Aujourd’hui, vingt ans après que cette ultime tragédie de la mine a endeuillé le Pas-de-Calais et la France tout entière, je mesure mieux le sacrifice des mineurs qui, pendant plus d’un siècle, ont donné par milliers leur vie afin d’extraire le charbon, de permettre l’industrialisation de notre pays et son expansion économique dont on parle tant aujourd’hui, mais qui n’aurait pas eu lieu – si, au point de départ, il n’y avait eu ce sacrifice, cette disponibilité, ce travail, ce courage.
Si ces disparus pouvaient parler, ils nous diraient : » prenez la mesure de ce que nous avons accompli, mais surtout faites que ces sacrifices ne soient pas inutiles « . Ils rappelleraient que grâce à leur détermination Arthur Lamandin put établir dès 1882 à Lens, la première chambre syndicale des mineurs ; qu’en 1894, fut autorisée à leur profit la création de caisses de secours pour le versement de retraites et l’assurance contre la maladie ; qu’en 1910, ils obtinrent la journée de huit heures ; en 1914, l’institution d’une caisse autonome de retraite ; et qu’enfin, en 1930, ils firent reconnaître le principe de quelques jours de congés de payés annuels.
Après tout, je viens là de relater très vite quelques étapes qui ont mené au couronnement politique que fut la victoire du Front populaire qui, seul, permit de coordonner et de lier l’ensemble de ces victoires locales ou partielles dans un succès politique qui engageait la France vers un nouveau destin.
Ainsi l’action de ces mineurs a-t-elle permis la mise en place d’un dispositif de solidarité et de justice, ou d’un minimum de justice dans des domaines essentiels pour les conditions de travail, pour la retraite, pour la protection contre la maladie. Croyez-moi, au-delà de tous les propos bénisseurs, ces combats-là restent d’actualité.
Etre fidèle à cette mémoire, après tout, c’est bien notre devoir à nous. Le souvenir de leur combat, c’est aussi le souvenir de tout ce qui fut nécessaire pour servir la dignité humaine, pour la reconnaissance des droits sociaux. Etre digne de ce message, c’est placer au coeur de la réflexion et de l’action les exigences de la solidarité. C’est aussi la signification du combat pour l’emploi. Je crois que c’est par des témoignages de ce type, auxquels je suis heureux d’être associé parmi vous, que l’on répondra le mieux à ce qui a été accompli par nos anciens. Faire qu’ils n’aient pas lutté pour rien. Faire qu’ils ne soient pas morts pour rien. Ah ! S’ils pouvaient formuler un souhait, je suis convaincu qu’il serait très vite dit : que cette région vive ! Qu’elle vive en respectant les valeurs fondamentales qui inspirent cette population, que nos enfants, que leurs enfants puissent s’y épanouir.

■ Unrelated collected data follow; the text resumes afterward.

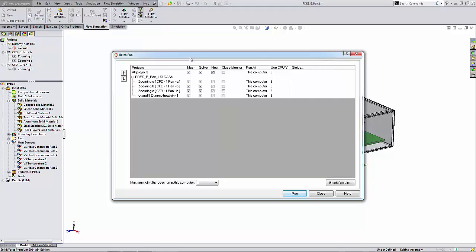This brings up my Batch Run dialog box, and I have a few options that I can set here. The Mesh column is if you want to create a new computational mesh for a project that is already meshed or calculated. If the project was never meshed or calculated before, the Mesh checkbox is selected automatically when you select the Solve option and cannot be cleared without clearing the Solve box.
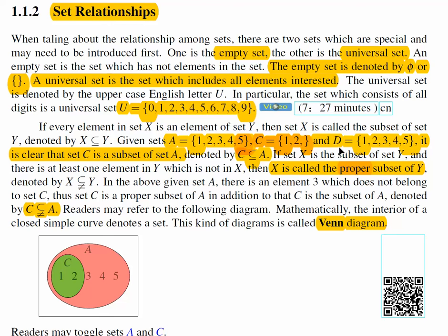D is a subset of A, but D is not a proper subset of A, because there is no element in A which is not in D. So basically, D is a subset of A and A is also a subset of D. In this way we say A and D are equal.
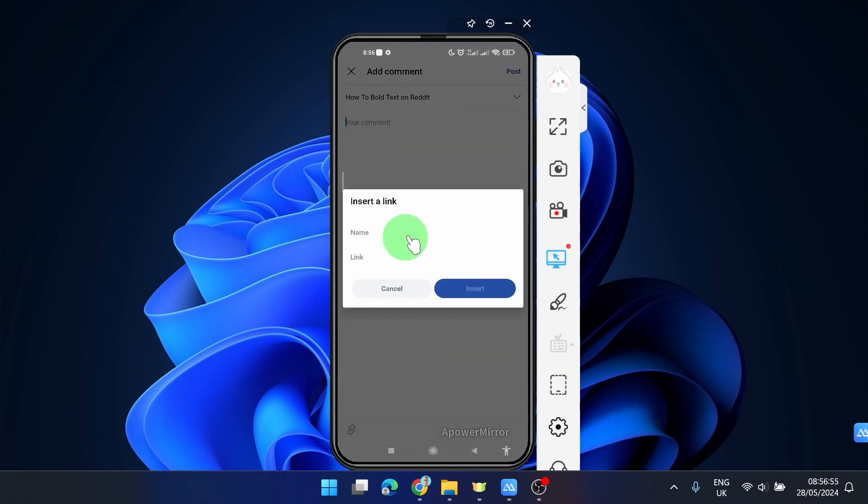Title your link, paste the link, insert, and post it.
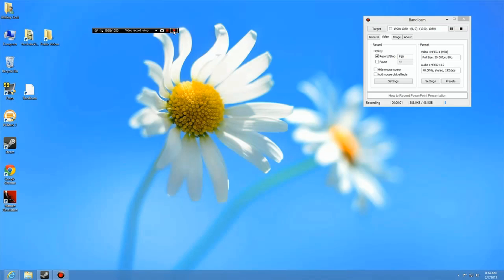This is the third video in our series about Bandicam, a screen capture program that lets you record Windows 8 applications, Windows 8 desktops and applications, along with video games. For you Flash people, we're going to cover how to record a screen using Internet Explorer and Flash.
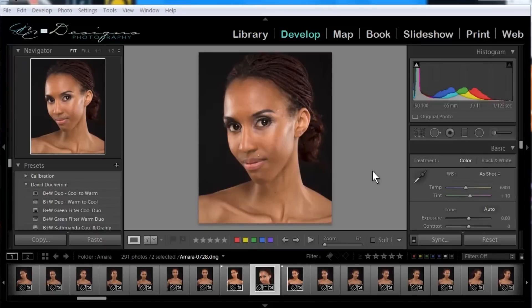Hi, this is Gary D. Tonincourt for morethanasnapshot.com. In this tutorial we're going to look at some basic skin retouching that you can do in Lightroom. I really would want to take your time and do things properly, probably in a program like Photoshop, but you can get some pretty good quick and dirty retouching done in Lightroom.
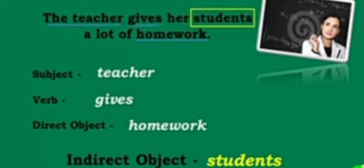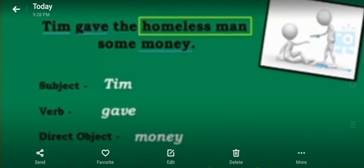Some more examples. The teacher gives her students a lot of homework. The subject is the teacher and the verb is gives. What does the teacher give? Homework — that is the direct object. And to whom? To her students — so her students is your indirect object. Another example: Tim gave the homeless man some money. The subject is Tim and the verb is gave. What did Tim give? Money. And who is receiving the money? The homeless man — so the homeless man is your indirect object.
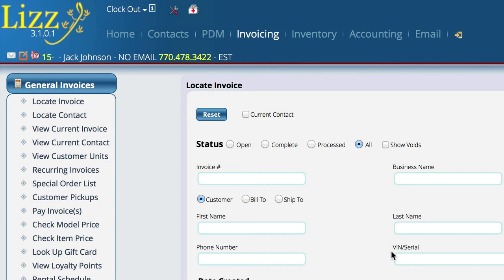Now that we've got our purchase orders in, we've got our price list in, we've done our open service tickets and our open special order parts, in theory we could go ahead and start using Lizzy now and be working on inventory at the same time.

Voilà, je ne voulais pas vous dire autre chose maintenant. Peut-être ai-je provoqué quelques dérangements ici ou là ? Mais, j’ai obéi à un réflexe suscité par l’invitation conjointe et amicale d’Henri Emmanuelli, de Daniel Percheron, de René Huguet, de Jean-Pierre Kucheida et de bien d’autres qui depuis déjà longtemps, cela fait des années, avaient suggéré ce rendez-vous. Eh bien il a eu lieu.